Thank you so much for the whole explanation
I tried to integrate the proposed solution with the code but here are some problems I faced:

• Still the main obstacle is squaring (`squared_residues = residues ** 2` ), should be other ways around except quantization?

• Previously we get a mean according to the axis=1 for rows and 0 for columns. I wanted to make these changes in the last piece of code `mean_of_rows_of_matrix` and `mean_of_columns_of_matrix` but resulting in bound error.

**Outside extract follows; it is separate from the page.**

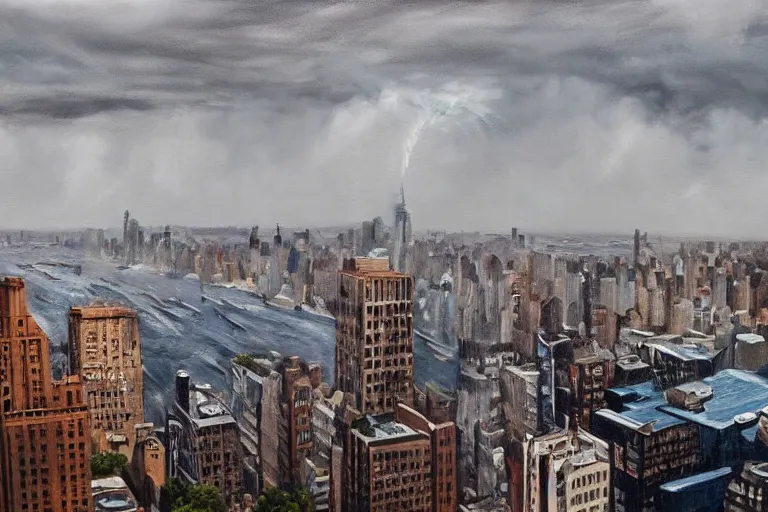 Prompt: tidal wave crashing over manhattan, bird's eye view, wide shot, cinematic, realistic style painting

• and lastly for computing means of rows, keepdims was set to True, the similar `np.sum` function gives an error: `ValueError: Encrypted arrays can only be created from scalars`

Many thanks,
Shokofeh

Hi @ShVS,

You’re welcome

• I didn’t understand what you mean by `should be other ways around`, could you elaborate further.
• This implementation doesn’t need to use the axis, as row/column extraction is done manually. `mean_of_columns_of_matrix(x)` has the same semantics as `np.mean(x, axis=0)`, and `mean_of_rows_of_matrix(x)` has the same semantics as `np.mean(x, axis=1)`.
• For the last error, it’s because `cnp.array(...)` extension doesn’t support creating arrays from other arrays. You can use `np.concatenate(...)` instead, but I don’t think it’s necessary for your use case, as you’ll see below

Lastly, if you want to have a similar API to keepdims, you can modify the functions above as:

``````def mean_of_rows_of_matrix(x, keepdims=False):
means = []
for i in range(x.shape[0]):
mean = mean_of_vector(x[i])
means.append(mean if not keepdims else [mean])
return cnp.array(means)

def mean_of_columns_of_matrix(x, keepdims=False):
means = []
for i in range(x.shape[1]):
mean = mean_of_vector(x[:, i])
means.append(mean)
return cnp.array(means if not keepdims else [means])
``````

Or you can reshape after you calculate means:

``````row_means_without_keeping_dims = mean_of_rows_of_matrix(x)
row_means_with_keeping_dims = row_means_without_keeping_dims.reshape((-1, 1))
``````

Which corresponds to:

``````np.mean(x, axis=1).reshape((-1, 1)) == np.mean(x, axis=1, keepdims=True)
``````

Hope this helps

Let me know if you have any other questions!
Umut

1 Like

Regarding the first point, what I mean is that getting a mean value can be solved by grouping. Another obstacle then is squaring. Earlier we had `squared_residues = residues ** 2` which increases the bit width. For maintaining the permitted bits here, is there any possible solutions?